Andrew Oliver, company director at Andrew Oliver & Co, complained to Aegon after he noticed an anomaly on his commission statement from a client’s pension plan.

As the pension plan was sold in 2004 payments to the adviser were commission-based, as opposed to fee-based. The policy included a period of time in which the insurer could claw back the commission from the adviser if the client cancelled the policy. 

In Mr Oliver's case the pension plan was still in force with a value of around £244,000, so no commission should have been clawed back.

But Mr Oliver noticed that Aegon had debited £1632.50 without any explanation when he received his latest electronic commission statement.

He said normally there was a range of credits and debits made by the provider but the £1632.50 withdrawal caught the adviser’s eye as it was unusually high.

Aegon said the figure in question was due to a human error but that the adviser had not been charged and no money had actually been taken.

An Aegon spokesperson told FTAdviser: “There was an isolated error shown on the statement. 

“No money was taken as a result of the error and this has been corrected in the next statement the IFA will receive.”

Mr Oliver argued the issue had been dealt with poorly and had resulted in a cost to him as he had had to take time out of his working day to resolve it.

He said: “This issue is a waste of my time but an issue that I need to get resolved. I don’t want someone from Aegon contacting me for £1632 that I do not owe.

“I accept that errors occur and things do not always go right but what is important is how it gets corrected. So far Aegon have failed on that score.”

Tim Morris, independent financial adviser at Russell & Co, said errors like this happened more often than advisers might think therefore it was wise to check all documentation carefully.

He said: “I’ve had instances where a clients fee wasn’t deducted by a provider as per the instruction. You would really expect them to get this right. 

“I do appreciate that errors can happen, yet this happens more regularly than it should. Perhaps they need an additional layer of checks in place to prevent/rectify such errors.”

He added: “I always check the statements and think all advisers need to. It makes sense and is the same as anyone checking their pay to ensure it’s correct. I always want to ensure I’m not underpaid or even overpaid.”
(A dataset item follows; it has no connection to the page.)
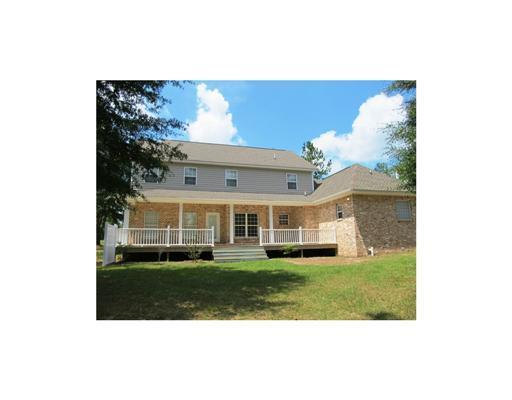 148 Ridge Lane Lucedale, MS 39452 - Photo 25 of 25 Additional Photo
But Ivor Harper, director at advice firm Park Financial Limited, said advisers should be able to rely on providers to provide correct information.

Mr Harper said: “I feel one should be able to rely on the competence of another authorised firm. However, that said, mistakes do happen and, sure, they'll be corrected - but only if noticed.

“I think it depends on the terms of engagement that adviser has with their customer as to how detailed checks are - because, in the end, it's the customer who has to pay for time spent.”

Other advisers thought technology was to blame for more mistakes making their way onto client documentation.

Victor Sacks, independent financial adviser at VS Associates, said: “With online processing, digital signatures etc, it's so important that documentation is checked.

“It's not like the 'old days' where we completed everything on paper and kept a paper record so we could cross reference. Now we are so reliant on technology, it's easy to think it's foolproof.”